Drop the pictures and extract exactly the lines from the one that contains "entrance foyer featuring" through the end of the material.

STORED DATA ->
• • • • •

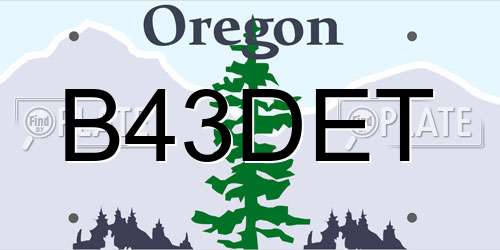 B43DET Oregon License Plate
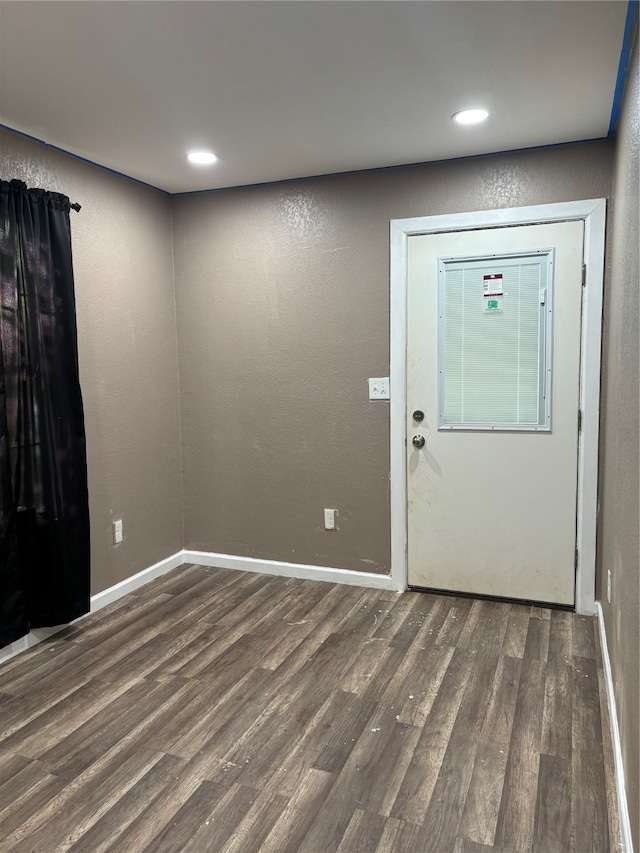 entrance foyer featuring dark wood-type flooring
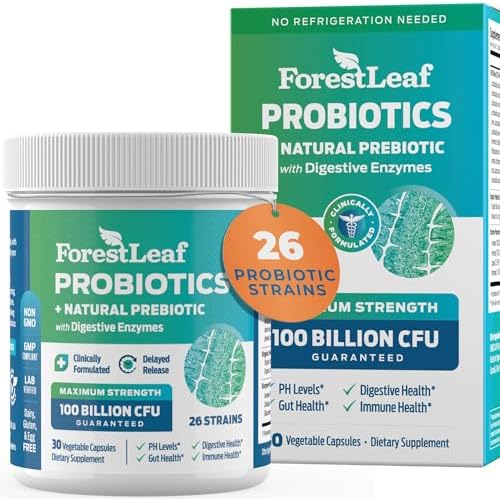 Probiotics for Men and Women, 100 Billion CFU, 26 Unique Strains, Men’s and Women’s Probiotic and Prebiotics Support Digestive Health, Gut Wellness, Energy, Mood, Immune, PH Balance (30 Caps)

• • • • •

RESULT OF THIS TASK ->
 entrance foyer featuring dark wood-type flooring
 Probiotics for Men and Women, 100 Billion CFU, 26 Unique Strains, Men’s and Women’s Probiotic and Prebiotics Support Digestive Health, Gut Wellness, Energy, Mood, Immune, PH Balance (30 Caps)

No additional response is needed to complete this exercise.